→ WHAT YOU ARE ASKED TO DO
What you return must match the listing below exactly, minus any pictures.

→ COLLECTED DATA
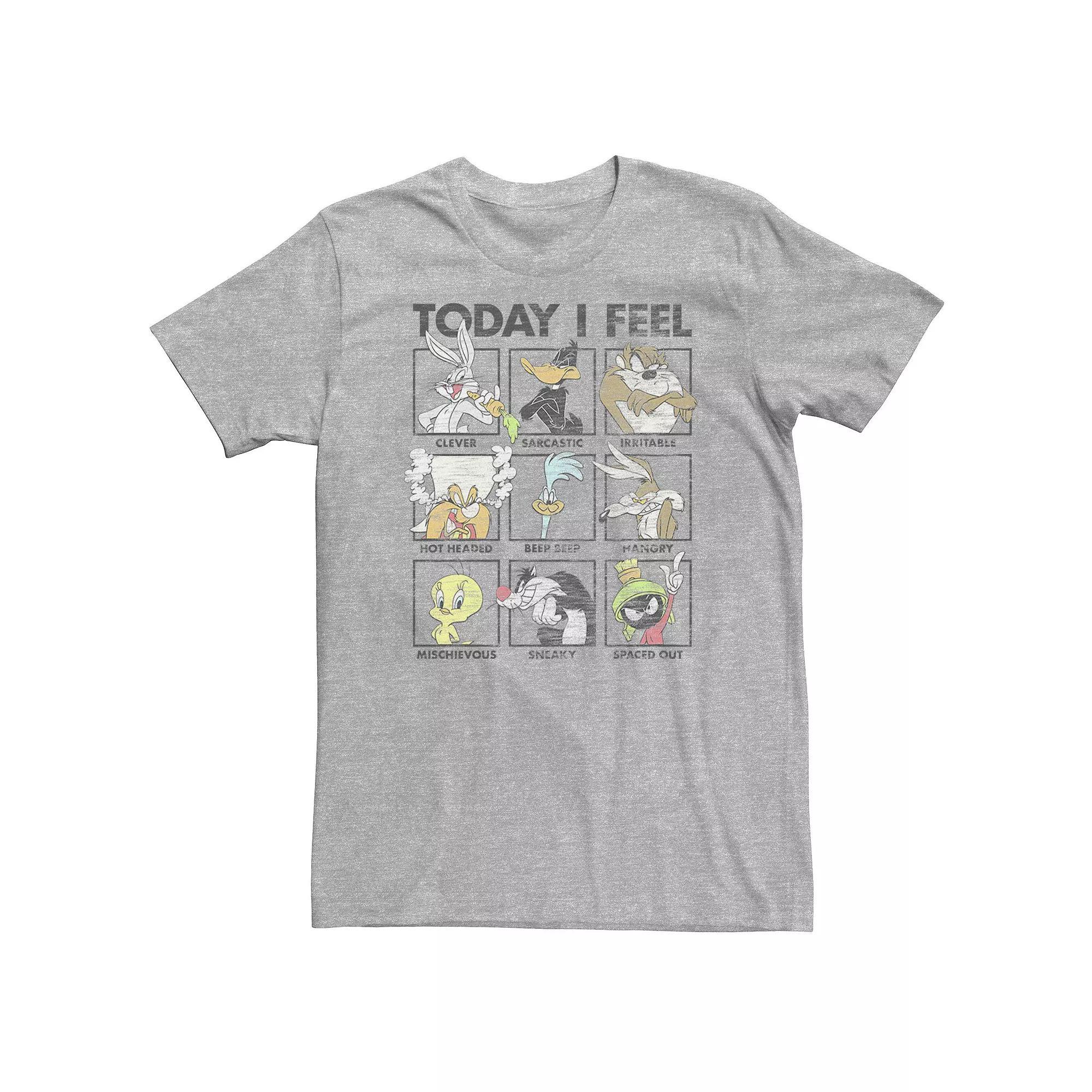 Big & Tall Looney Tunes Group Shot Today I Feel Panels Tee, Men's, Size: 4XL, Athletic Grey Product Image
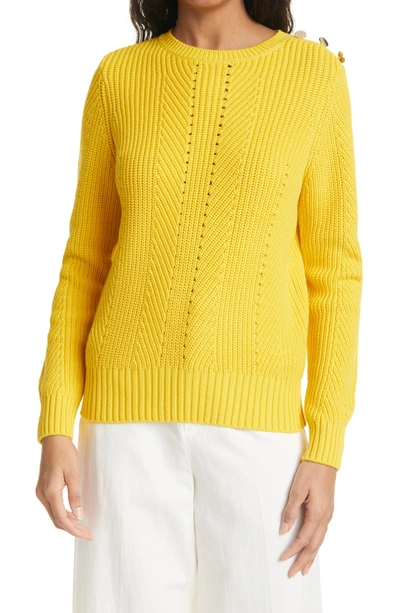 Ted Baker Button Detail Pullover Sweater In Yellow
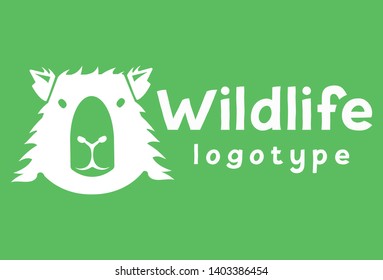 Wildlife Vector Logo design template with capybara. silhouette of animal logotype with Negative space style. Badge of a gentle mammal for cafe, shop, vegan products, branding.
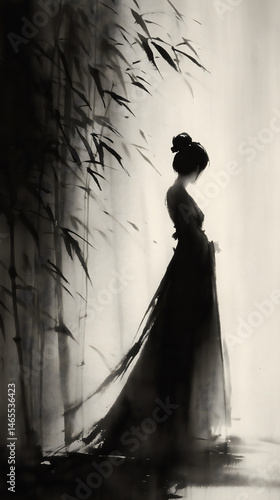 Traditional Chinese Ink Wash Painting of a Mysterious Woman in Flowing Robes Among Bamboo Shadows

→ YOUR RESPONSE
 Big & Tall Looney Tunes Group Shot Today I Feel Panels Tee, Men's, Size: 4XL, Athletic Grey Product Image
 Ted Baker Button Detail Pullover Sweater In Yellow
 Wildlife Vector Logo design template with capybara. silhouette of animal logotype with Negative space style. Badge of a gentle mammal for cafe, shop, vegan products, branding.
 Traditional Chinese Ink Wash Painting of a Mysterious Woman in Flowing Robes Among Bamboo Shadows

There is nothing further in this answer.